WORK TO BE COMPLETED:
Exact copy, pictures excluded: set down only the lines from the one with "MacCallum (McCallum) Tartan" through the end of the entries, keeping both end lines.

GIVEN RECORDS:
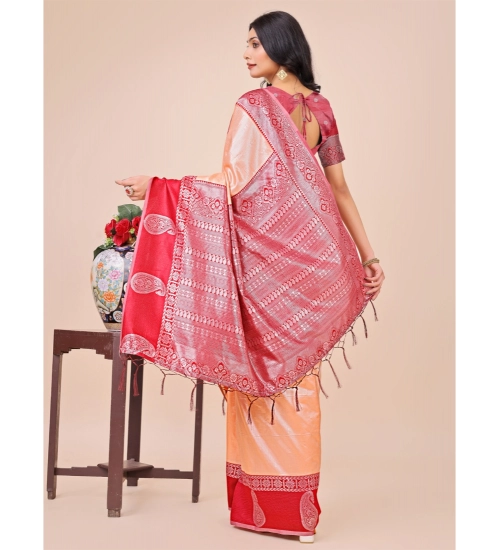 Women's Lichi Silk Printed Saree With Unstitched Blouse 5.5Mtr (Peach)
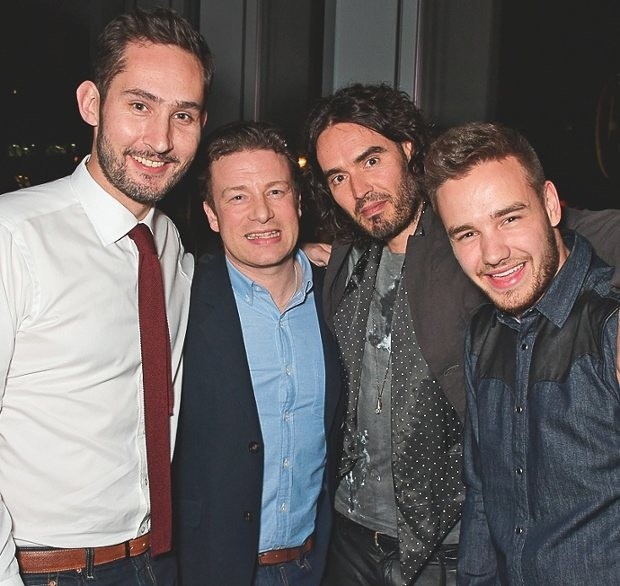 Kevin Systrom with Jamie Oliver, Russell Brand and Liam Payne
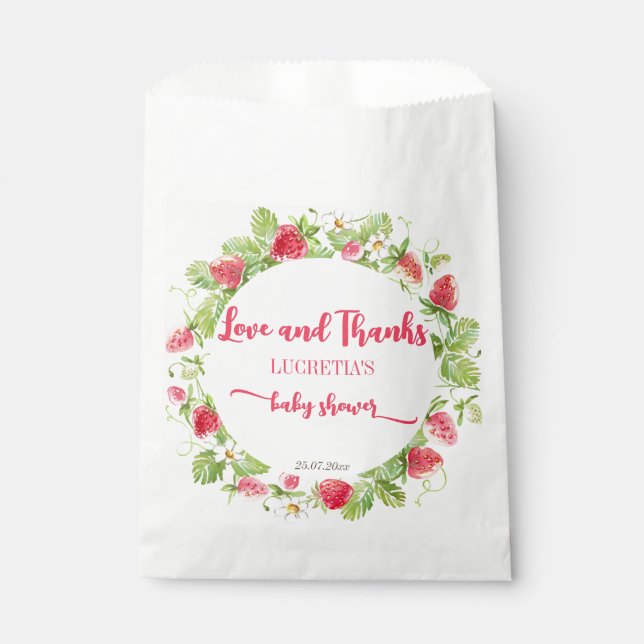 Sacolinha Chá de fraldas doce de morango obrigado (Frente)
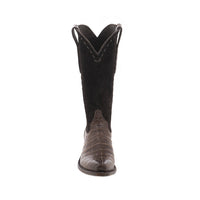 Ladies 13" Nicotine Caiman Chocolate Roughout Half Chocolate Buckstitch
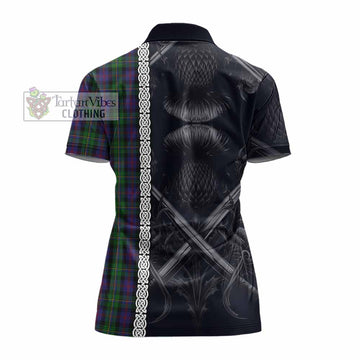 MacCallum (McCallum) Tartan Women's Polo Shirt with Family Crest Cross Sword Thistle Celtic Vibes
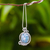 collar con colgante de cristal romano - Collar con colgante de vidrio romano ovalado de Tailandia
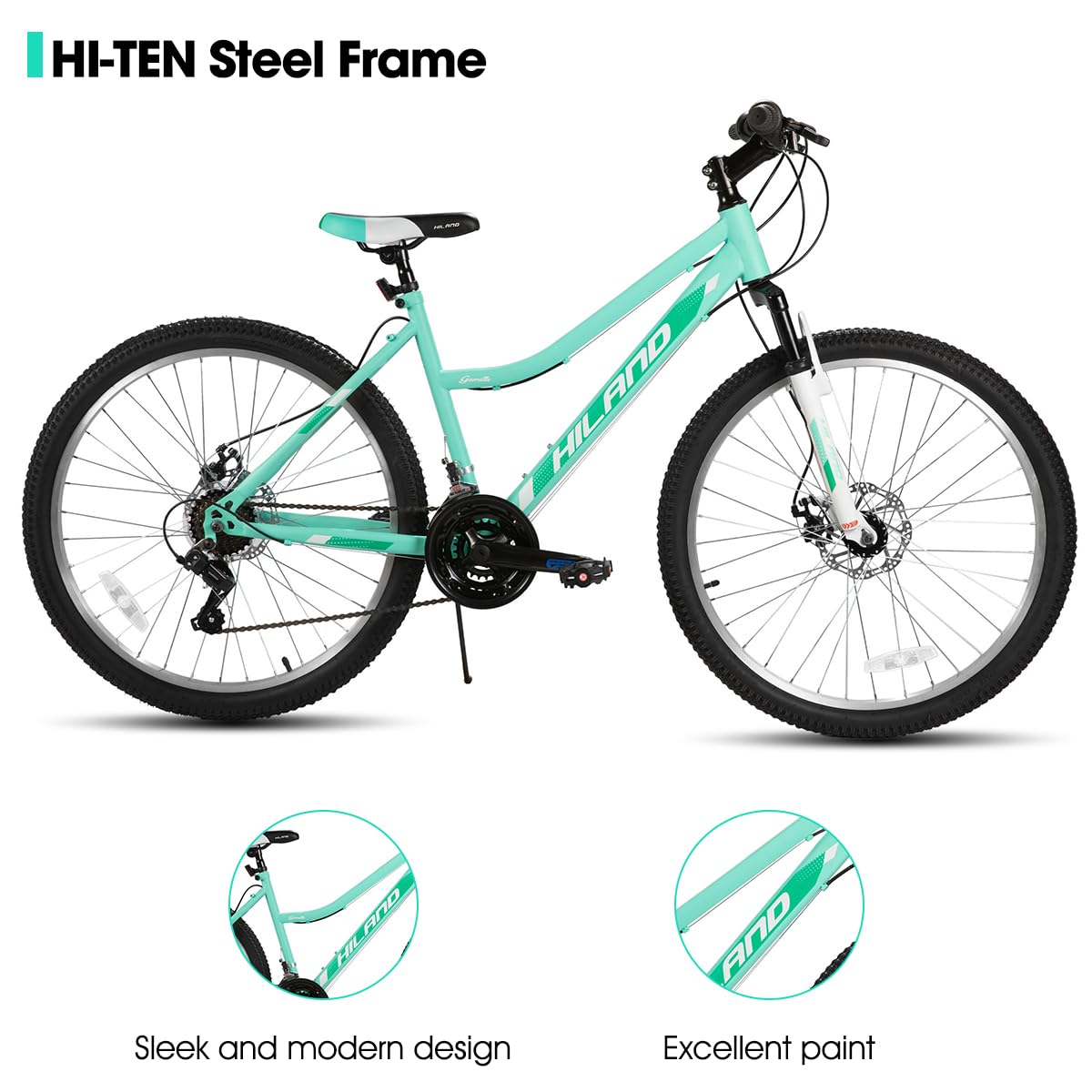 HH HILAND 26 Inch Womens Mountain Bike, with Step-Through Frame, 18 Speeds, Suspension Fork MTB, Bicycle for Women Men Adult Green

EXERCISE RESULT:
 MacCallum (McCallum) Tartan Women's Polo Shirt with Family Crest Cross Sword Thistle Celtic Vibes
 collar con colgante de cristal romano - Collar con colgante de vidrio romano ovalado de Tailandia
 HH HILAND 26 Inch Womens Mountain Bike, with Step-Through Frame, 18 Speeds, Suspension Fork MTB, Bicycle for Women Men Adult Green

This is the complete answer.